Print method for an "ordinalNet" object.

Description

Prints the data frame returned by the summary.ordinalNet() method.

Usage

## S3 method for class 'ordinalNet'
print(x, ...)

Arguments

x

An "ordinalNet" S3 object

...

Not used. Additional plot arguments.

See Also

ordinalNet

Examples

# See ordinalNet() documentation for examples.

Print method for an "ordinalNetCV" object.

Description

Prints the data frame returned by the summary.ordinalNetCV() method.

Usage

## S3 method for class 'ordinalNetCV'
print(x, ...)

Arguments

x

An "ordinalNetCV" S3 object

...

Not used. Additional print arguments.

See Also

ordinalNetCV

Examples

# See ordinalNetCV() documentation for examples.

Print method for an "ordinalNetTune" object.

Description

Prints the data frame returned by the summary.ordinalNetTune() method.

Usage

## S3 method for class 'ordinalNetTune'
print(x, ...)

Arguments

x

An "ordinalNetTune" S3 object.

...

Not used. Additional print arguments.

See Also

ordinalNetTune

Examples

# See ordinalNetTune() documentation for examples.

Summary method for an "ordinalNet" object.

Description

Provides a data frame which summarizes the model fit at each lambda value in the solution path.model fit summary as a data frame.

Usage

## S3 method for class 'ordinalNet'
summary(object, ...)

Arguments

object

An "ordinalNet" S3 object

...

Not used. Additional summary arguments.

Value

A data frame containing a record for each lambda value in the solution path. Each record contains the following fields: lambda value, degrees of freedom (number of nonzero parameters), log-likelihood, AIC, BIC, and percent deviance explained.

See Also

ordinalNet

Examples

# See ordinalNet() documentation for examples.

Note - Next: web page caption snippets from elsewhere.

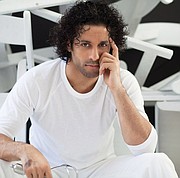 DIRECTOR. Luis Salgado, director de “In The Heights” quiere que la producción inspire y empodere a los latinos.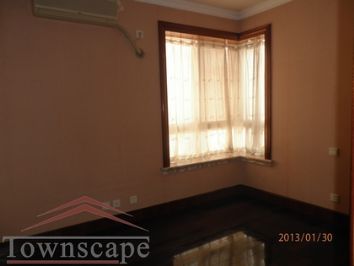 picture 6 spacious 5br highrise apartment in downtown Pudong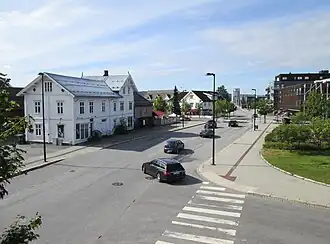 Rua Ludgaardsvegen na Praça Elverum, 2022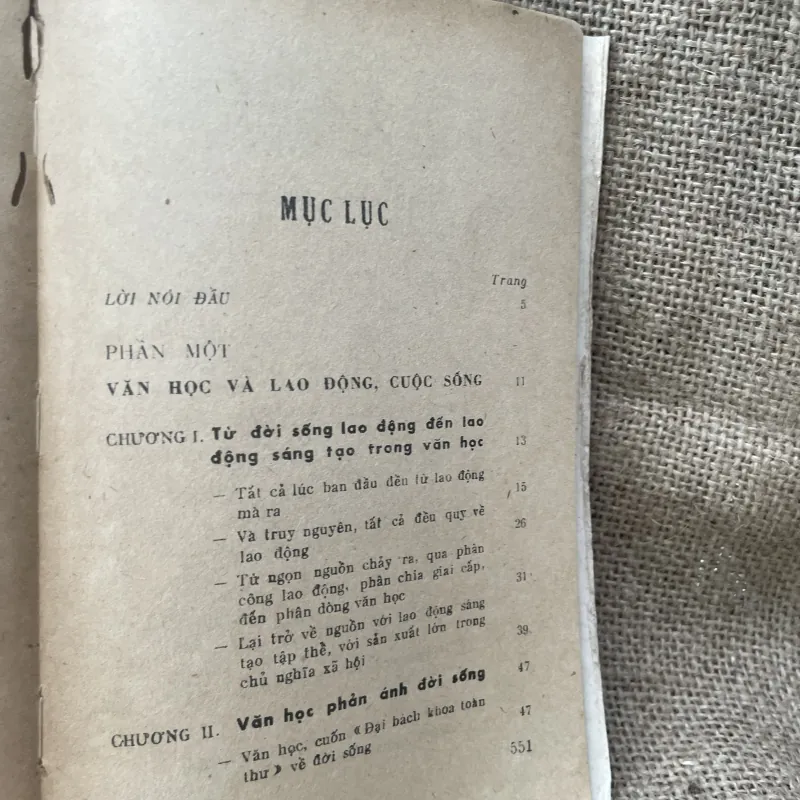 Văn học- cuộc sống -nhà văn - 550 trang  993706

Summary method for an "ordinalNetCV" object.

Description

Provides a data frame which summarizes the cross validation results, which can be used as an estimate of the out-of-sample performance of a model tuned by a particular method.

Usage

## S3 method for class 'ordinalNetCV'
summary(object, ...)

Arguments

object

An "ordinalNetCV" S3 object

...

Not used. Additional summary arguments.

Value

A data frame containing a record for each cross validation fold. Each record contains the following: lambda value, log-likelihood, misclassification rate, Brier score, and percentage of deviance explained.

See Also

ordinalNetCV

Examples

# See ordinalNetCV() documentation for examples.

Summary method for an "ordinalNetTune" object.

Description

Provides a data frame which summarizes the cross validation results and may be useful for selecting an appropriate value for the tuning parameter lambda.

Usage

## S3 method for class 'ordinalNetTune'
summary(object, ...)

Arguments

object

An "ordinalNetTune" S3 object.

...

Not used. Additional summary arguments.

Value

A data frame containing a record for each lambda value in the solution path. Each record contains the following: lambda value, average log-likelihood, average misclassification rate, average Brier score, and average percentage of deviance explained. Averages are taken across all cross validation folds.

See Also

ordinalNetTune

Examples

# See ordinalNetTune() documentation for examples.